In the listing below, start your output at the line with "graded motor imagery cards" and end it after the line with "shoulder anatomy x", copying every line exactly.

**DATASET RECORDS**:
··········
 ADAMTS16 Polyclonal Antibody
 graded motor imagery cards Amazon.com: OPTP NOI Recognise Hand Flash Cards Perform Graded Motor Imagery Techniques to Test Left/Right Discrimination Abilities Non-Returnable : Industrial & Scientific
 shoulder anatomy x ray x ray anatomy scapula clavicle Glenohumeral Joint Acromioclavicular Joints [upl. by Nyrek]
··········
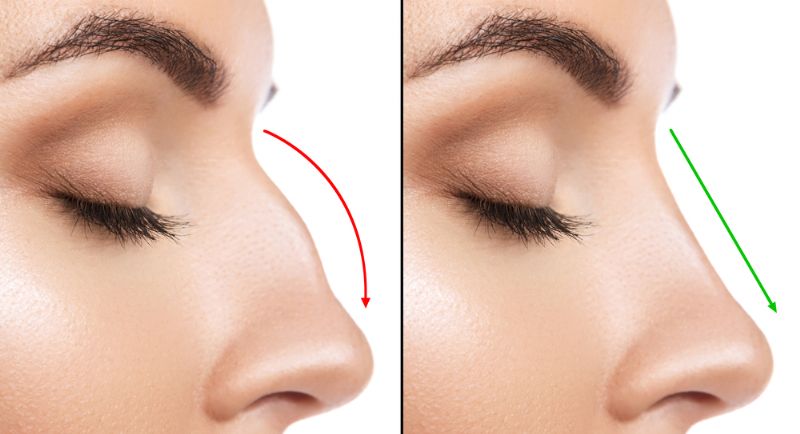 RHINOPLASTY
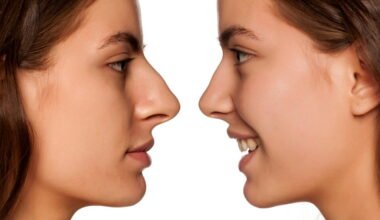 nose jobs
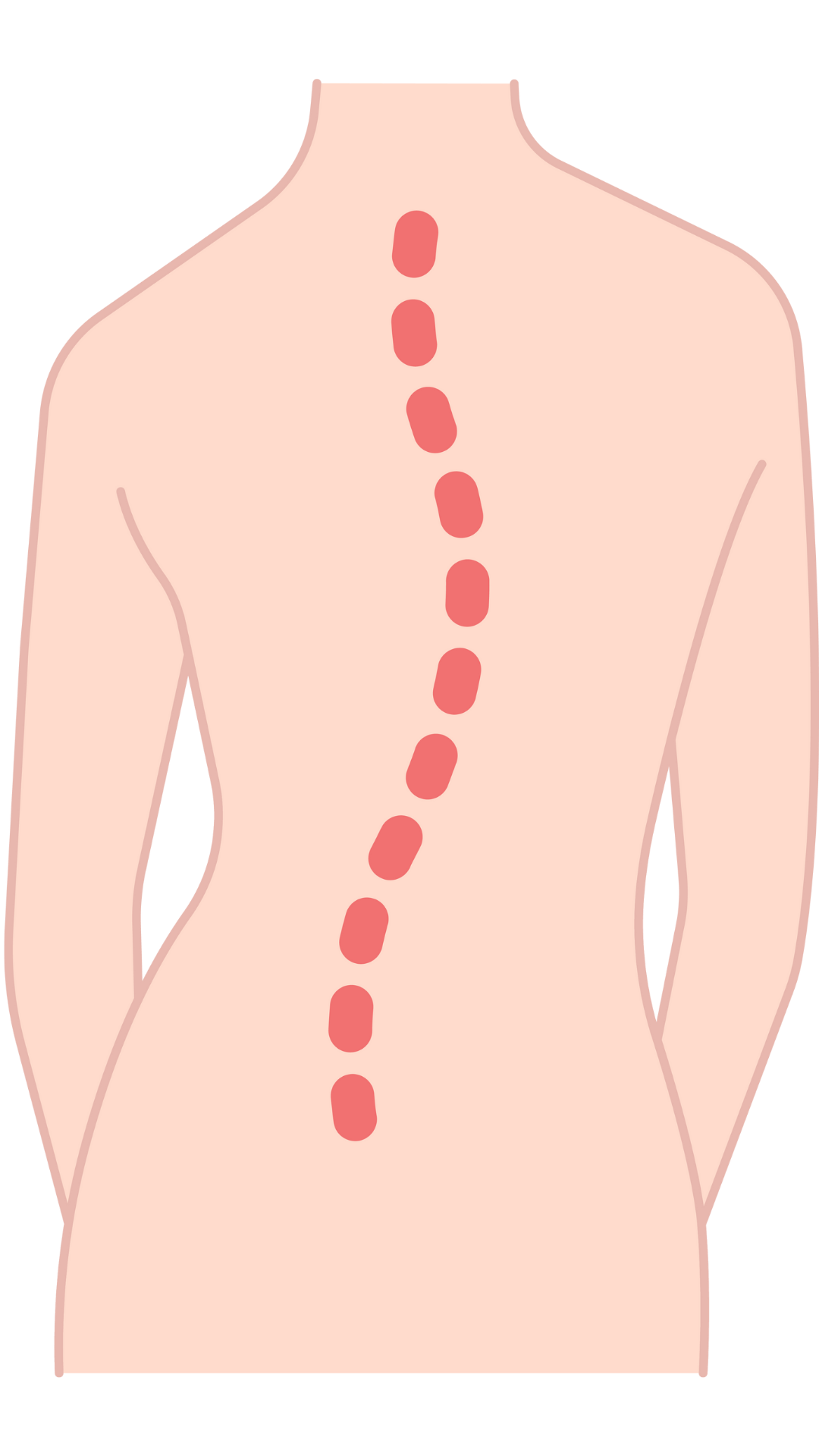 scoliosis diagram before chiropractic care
··········
**EXERCISE SOLUTION**:
 graded motor imagery cards Amazon.com: OPTP NOI Recognise Hand Flash Cards Perform Graded Motor Imagery Techniques to Test Left/Right Discrimination Abilities Non-Returnable : Industrial & Scientific
 shoulder anatomy x ray x ray anatomy scapula clavicle Glenohumeral Joint Acromioclavicular Joints [upl. by Nyrek]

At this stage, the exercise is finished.